Wednesday, February 07, 2007

Advertising Effectiveness

How to allocate sales to tactics?

A while back Kevin Hillstrom posted a challenge to figure out how multiple tactics worked in a multi-channel world. A set of catalog and online sales data was provided for 10,000 customers along with which marketing tactics they received, e.g. catalog, email, postcard, etc. He recently posted an answer.

The most important conclusion is that influence is multi channel. Just like "advertising drives search"

Some thoughts on the solution provided by Grigorios Tsoumakas.
1. It is based on the correct premise that the problem is one of allocation; not prediction. This makes it both simpler to create an answer as well as to explain. "Sales are allocated to individual tactics in accordance to their influence across all possible combinations of tactics."

2. The solution makes an assumption that one tactic was dependent on a previous one. In this case the second email was assumed to be delivered to the same customers as email 1. The data suggest that this is valid since everyone who received email 2 also received email 1.

3. Organic sales were those among customers who received no marketing. Simple but probably understated. It is close to saying that the level of sales would be $2000 if advertising was withheld. "Unattributed" might be a better label in this case.

4. This seems to be along the lines of an 'observed vs expected' problem. I wonder if there is an extension there to include costs to get to financial effectiveness.

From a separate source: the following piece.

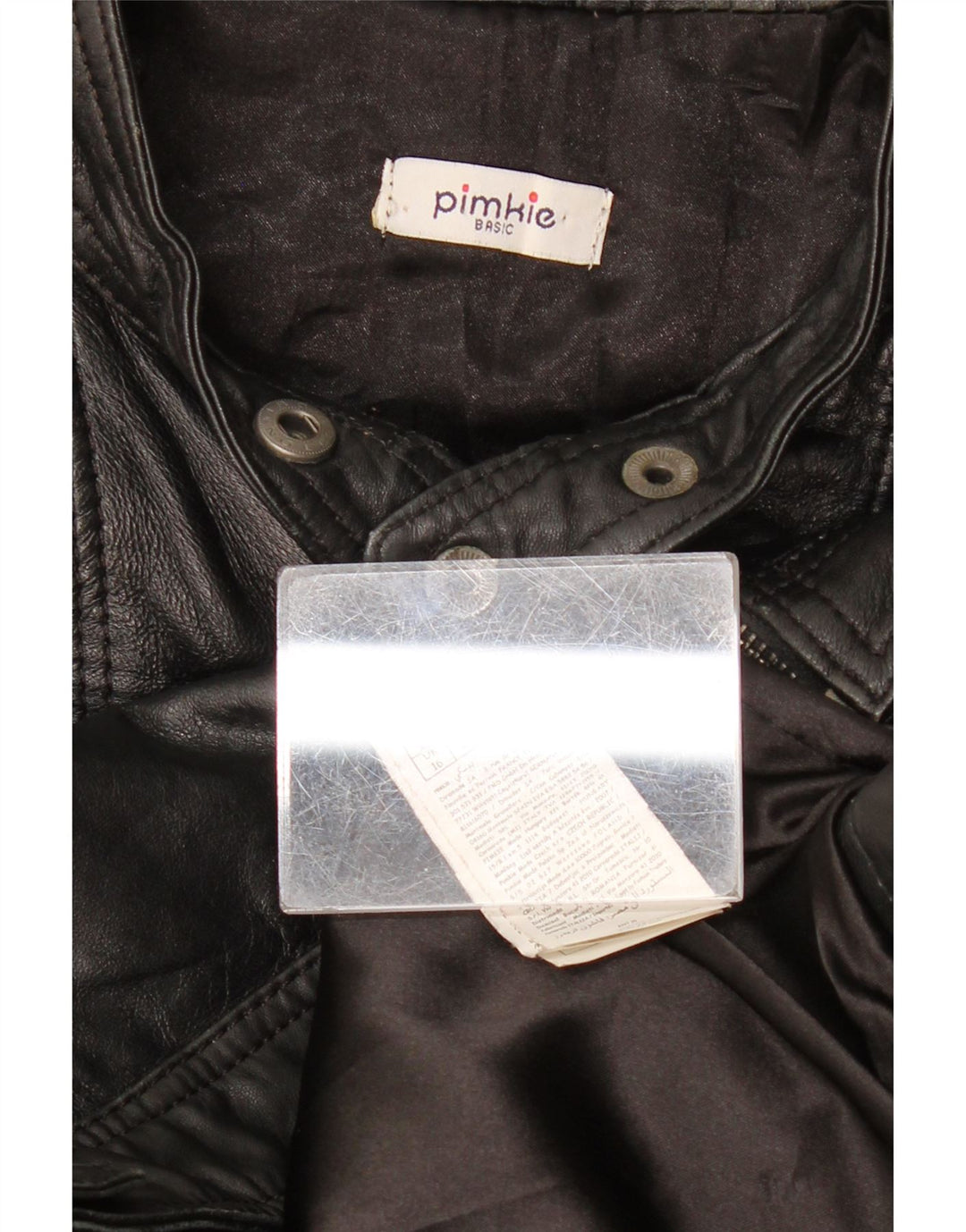 PIMKIE Γυναικείο Basic Leather Racer Jacket UK 16 Large Black Leather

5. No catalog sales were attributed to email. Given the large amount of sales that are attributed to the catalog, I'd 'expect' some. But the numbers don't lie.

So what would regression have told us? (And yes I was one of the 500 who downloaded the spreadsheet.)

1. It is fairly easy to distinguish between online and catalog buyers. If they shopped in one channel, they weren't very likely to shop in the other.

2. A large number of customers did not purchase in the month of interest, but were marketed to. Inclusion of these '0' sales will bias most models tremendously. So, should we look at only those sales that occurred in a given channel and only include the customers who made them? "Yes" since the problem is one of allocation, not prediction.

3. Mathematically, the role of the 'catalog' was interesting after segmenting the data. For online sales the presence of a catalog depressed sales -- okay, you're expecting that. For catalog sales, the presence of a catalog also depressed sales --- welcome to the vagaries of regression.

The math is about minimizing the error in the model, not about explaining it to your boss.

1 comment:

Kevin Hillstrom said...

Thank you for referencing the challenge I gave to my readers.

There were some interesting responses from folks who attempted to allocate sales to the four marketing activities, and to 'organic' sales ... sales that occur without being caused by advertising.

For the most part, catalog sales could not happen 'organically' --- you have to mail a catalog to somebody to get the customer to order via a 1-800 number.

However, an e-mail or a postcard can remind a person to look at their catalog, causing the customer to purchase via a 1-800 number. So there can be interactions between marketing activities.

The dataset was designed to have odd things happen when using regression (as you noted).

I received a response where the analyst told me that executives should stop trying to allocate the sales to each activity, since mathematically, there are too many problems with multicollinearity.

As we all know, while the analyst may be right, the executive still needs the question answered to her specifications. Therefore, my industry needs to create the tools necessary to do this right. The answer that I published is a good start.